▸ What to work on:
Please restate word for word each line from the one containing "В царство свободы дорогу." to the last line of the records below, and drop the pictures.

▸ Data extracts:
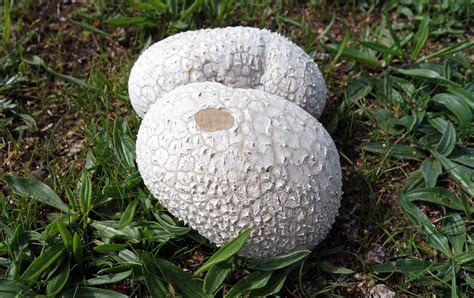 puffball paradise ray cannons nature notes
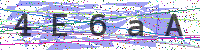 Enter Security Code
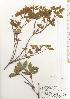  ( - TW020615)  @11 [ ] Copyright (2021) Unspecified Forestry and Forest Products Research Institute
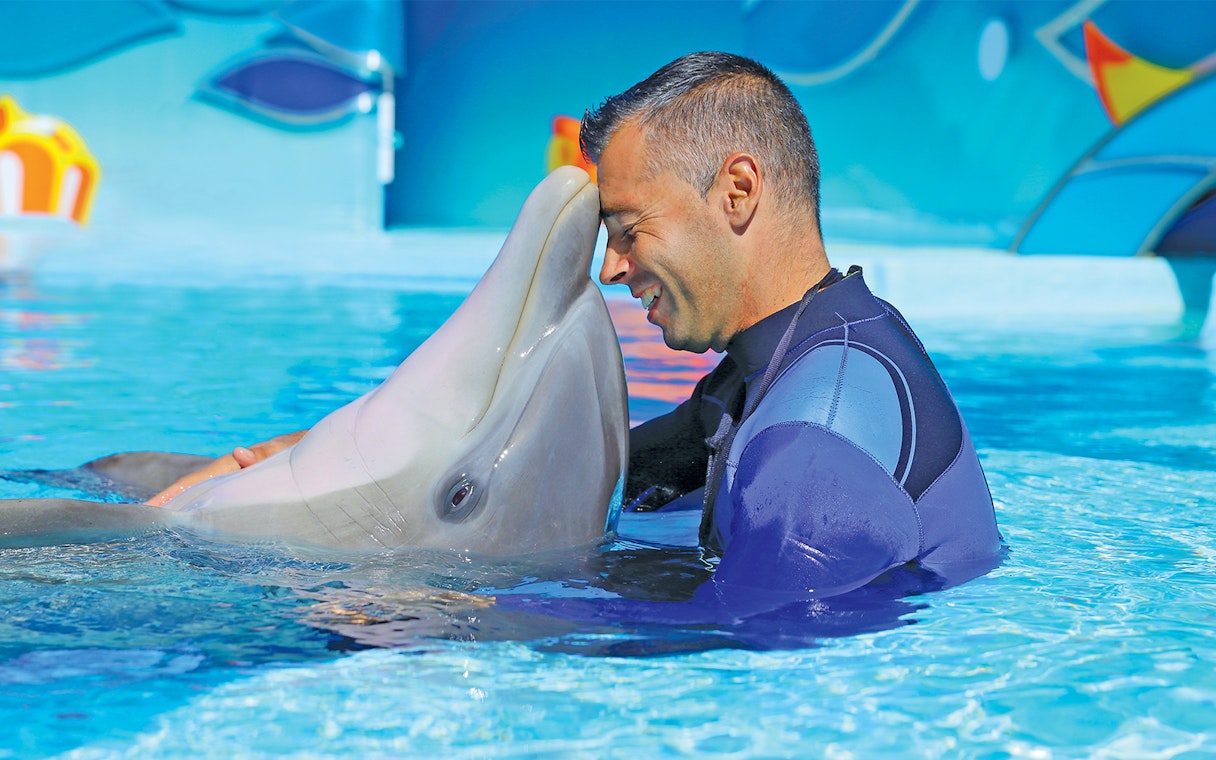 Man interacting with a dolphin at Zoomarine's Dolphin Emotions Experience.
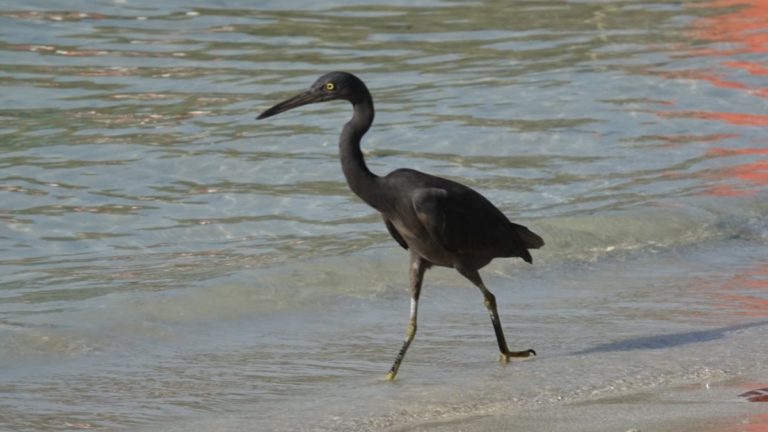 Pacific reef egret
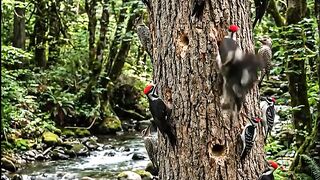 "So many woodpeckers on one tree — incredible nature! 🐦🌲"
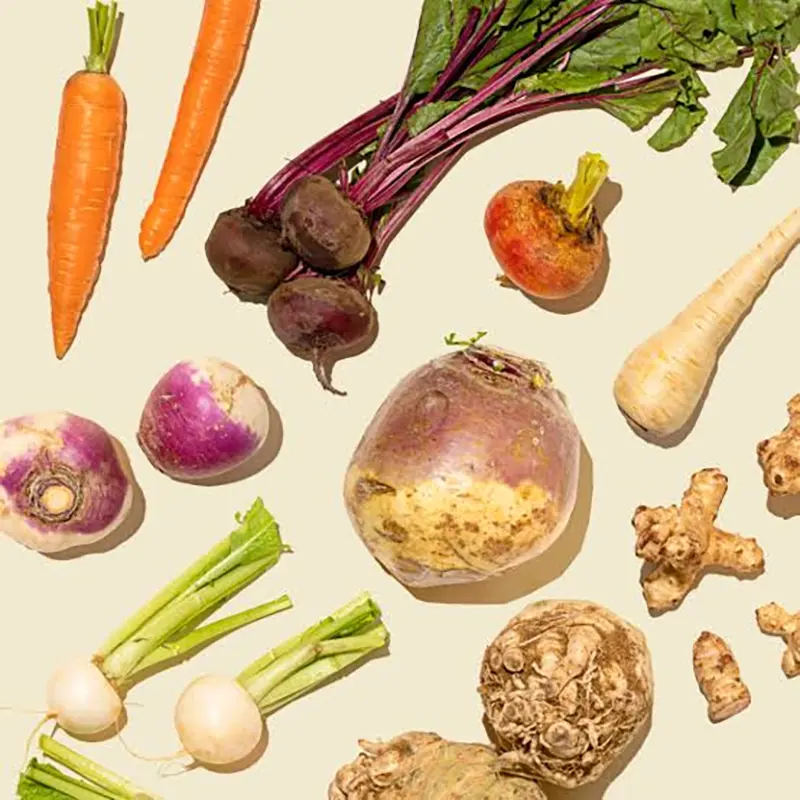 Rutabaga, Carrot, Beetroot, and Radish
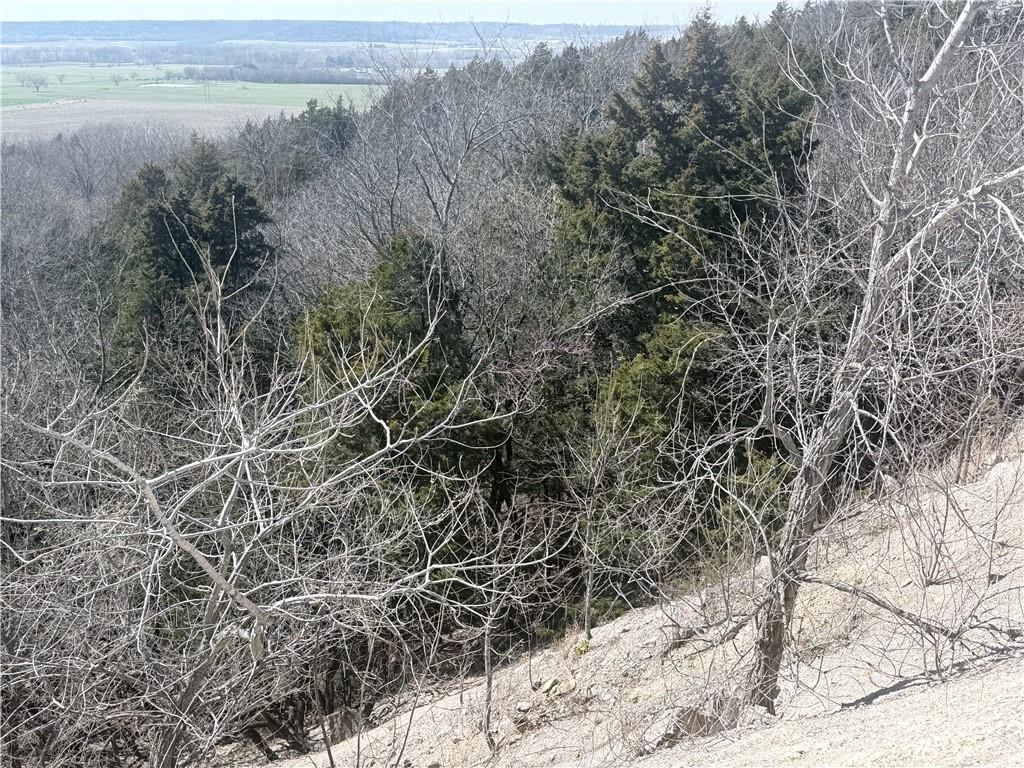 5886 Cr 3570 Road Neodesha, KS 66757 - Photo 6 of 56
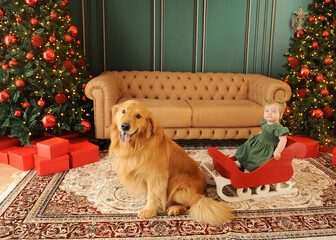 bebe com cachorro golden retriever celebra o natal em linda decora&ccedil;&atilde;o 
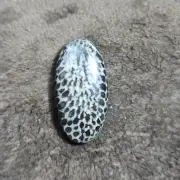 Designer black fossil coral gemstone oval shape top quality cabochon for pandent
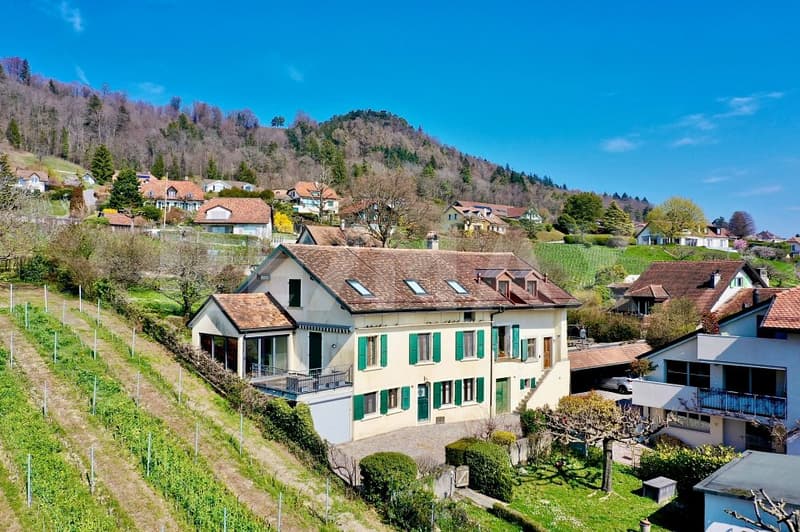 Maison de caractère entre vignes et lac, proche de Nyon (1)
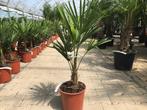 Trachycarpus fortunei palmboom / palmbomen stam +/-15 cm., Tuin en Terras, Planten | Bomen, In pot, Minder dan 100 cm, Halfschaduw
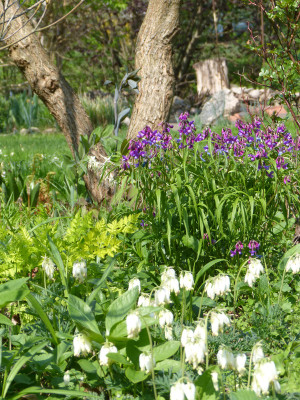 2018-04-21 Gartenimpressionen 1.jpg
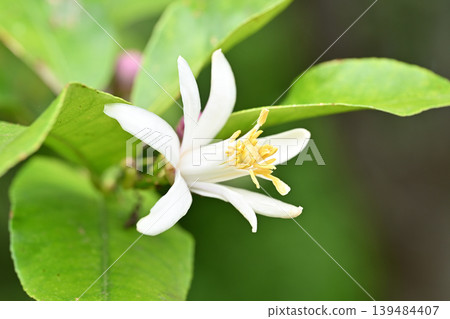 Lemon Flower Lemon Flower 139484407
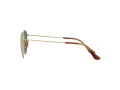 Ray-Ban Round Solbriller RB 8247 9217T0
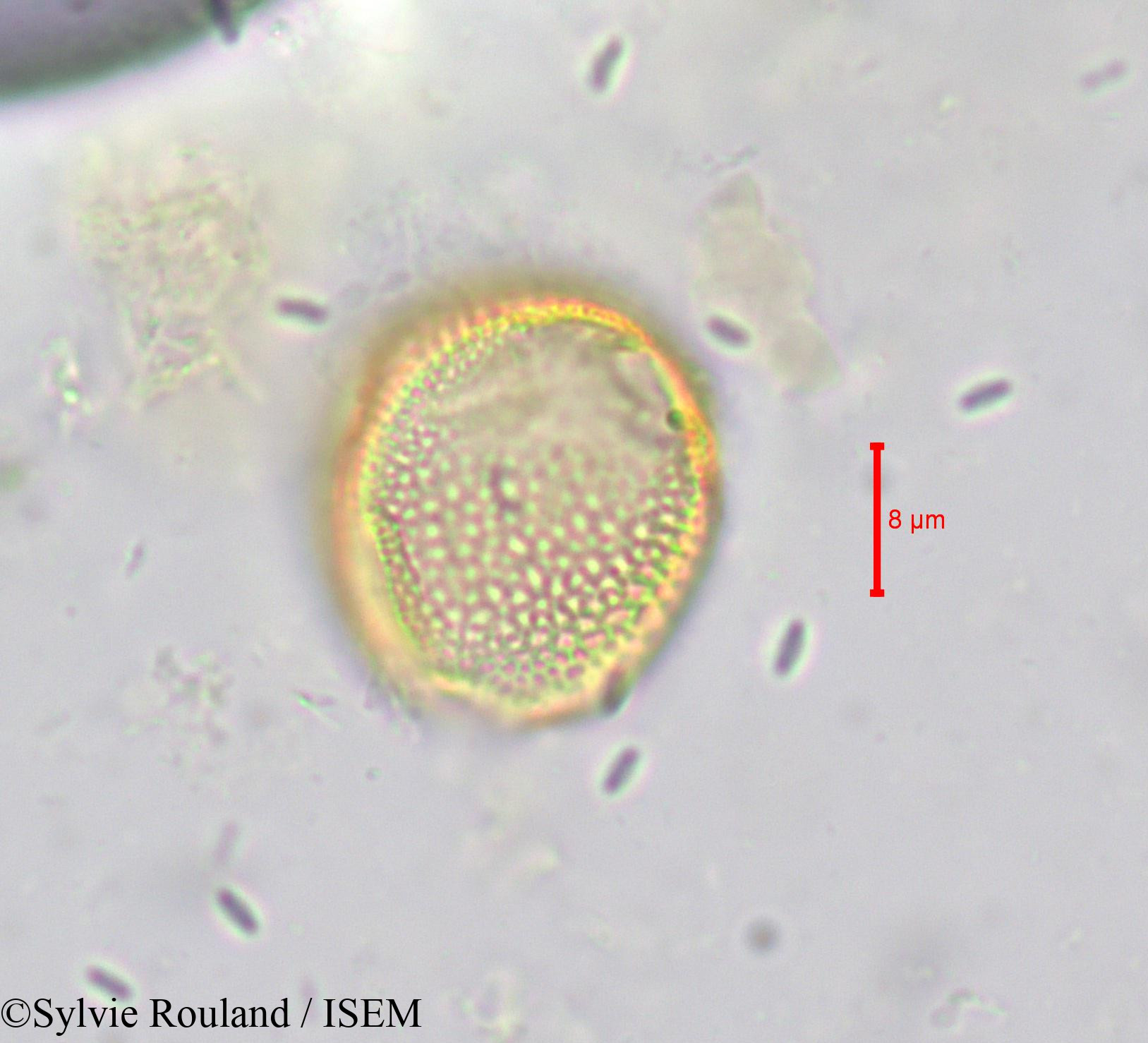 Sylvie.Rouland/Hippocratea_yaundina_621/Hippocratea_yaundina_621_0006(copy).jpg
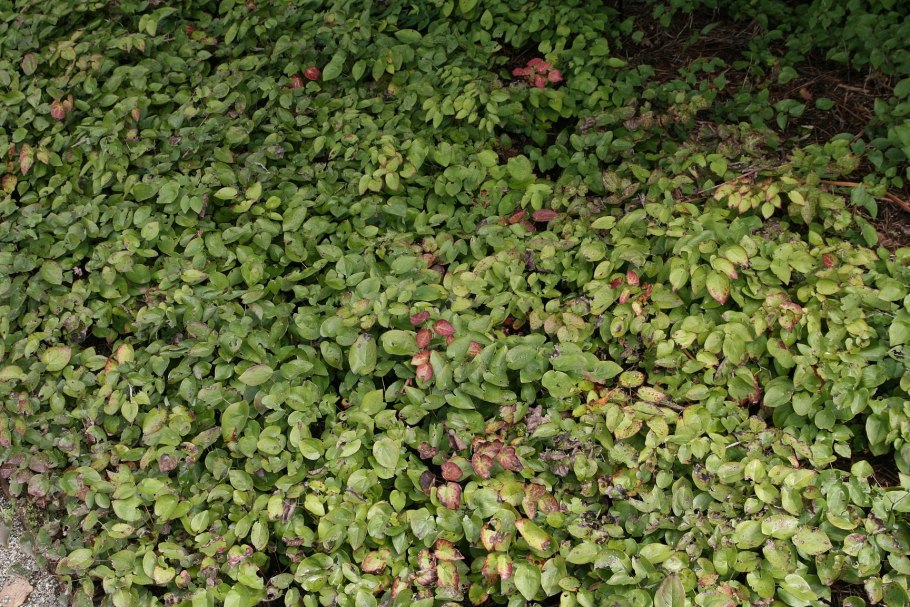 Epimedium versicolor Sulphureum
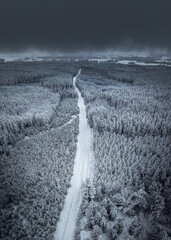 Snowy winter landscape with road leading through forest covered in snow. Snowy tree tops. White scenic countryside.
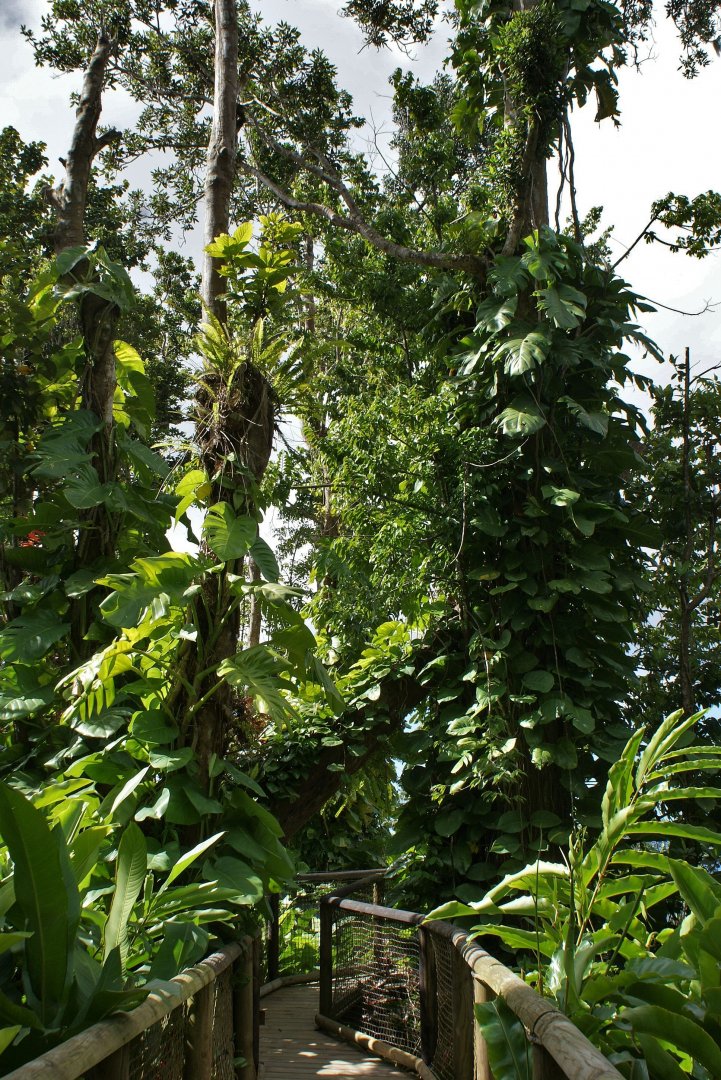 Parc des mamelles    Guadeloupe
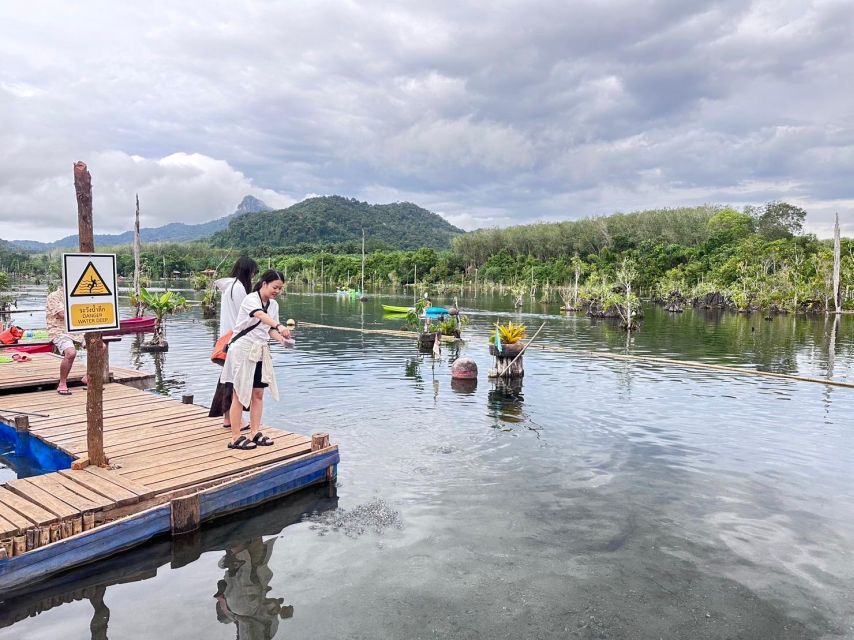 Krabi: Klong Root Kayaking Viewpoint,Fish Feeding and more - Should you book the Klong Root kayaking + swim + fish feeding tour?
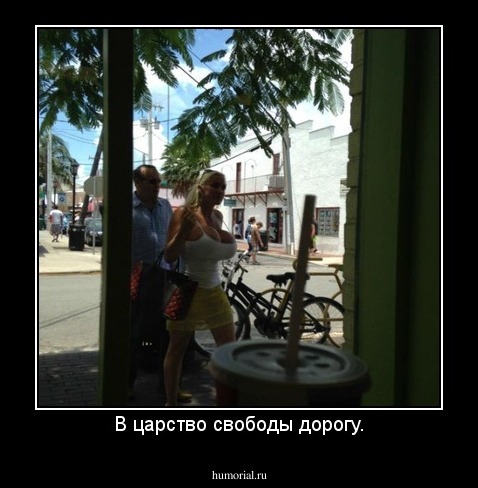 В царство свободы дорогу.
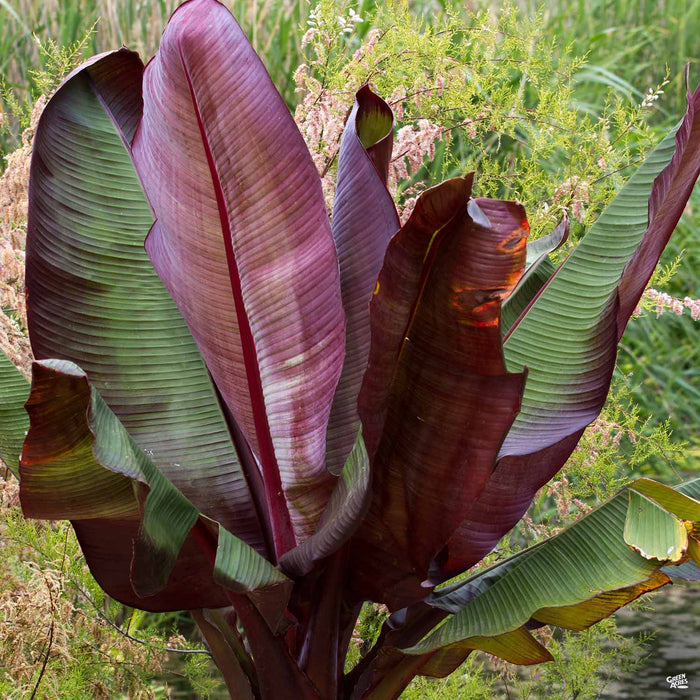 red banana leaf plant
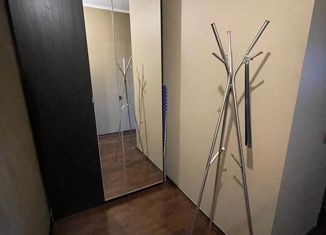 1-комнатная квартира на продажу, 41.7 м2, Санкт-Петербург, проспект Медиков, 10к4, проспект Медиков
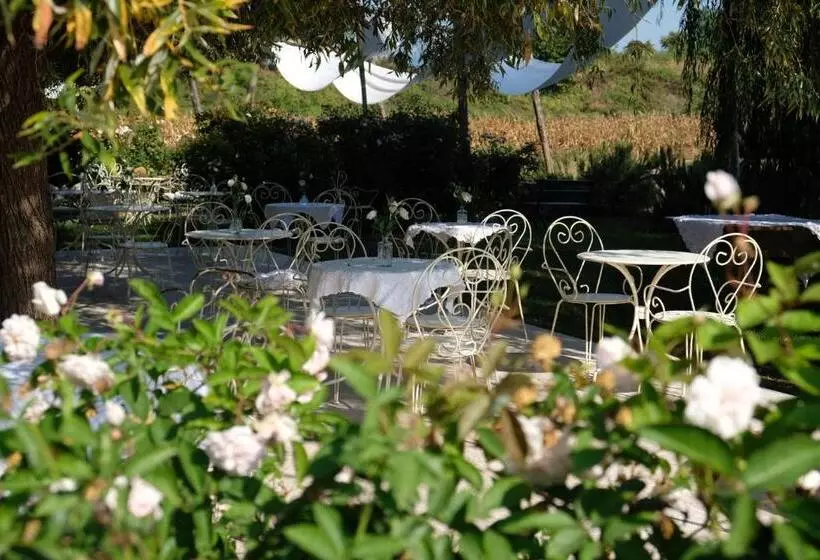 Aamiaismajoitus (B&B) Tenuta Agriturismo La Borina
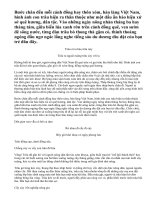 Hình ảnh con trâu gắn liền với đồng quê Việt Nam.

▸ Answer to this task:
 В царство свободы дорогу.
 red banana leaf plant
 1-комнатная квартира на продажу, 41.7 м2, Санкт-Петербург, проспект Медиков, 10к4, проспект Медиков
 Aamiaismajoitus (B&B) Tenuta Agriturismo La Borina
 Hình ảnh con trâu gắn liền với đồng quê Việt Nam.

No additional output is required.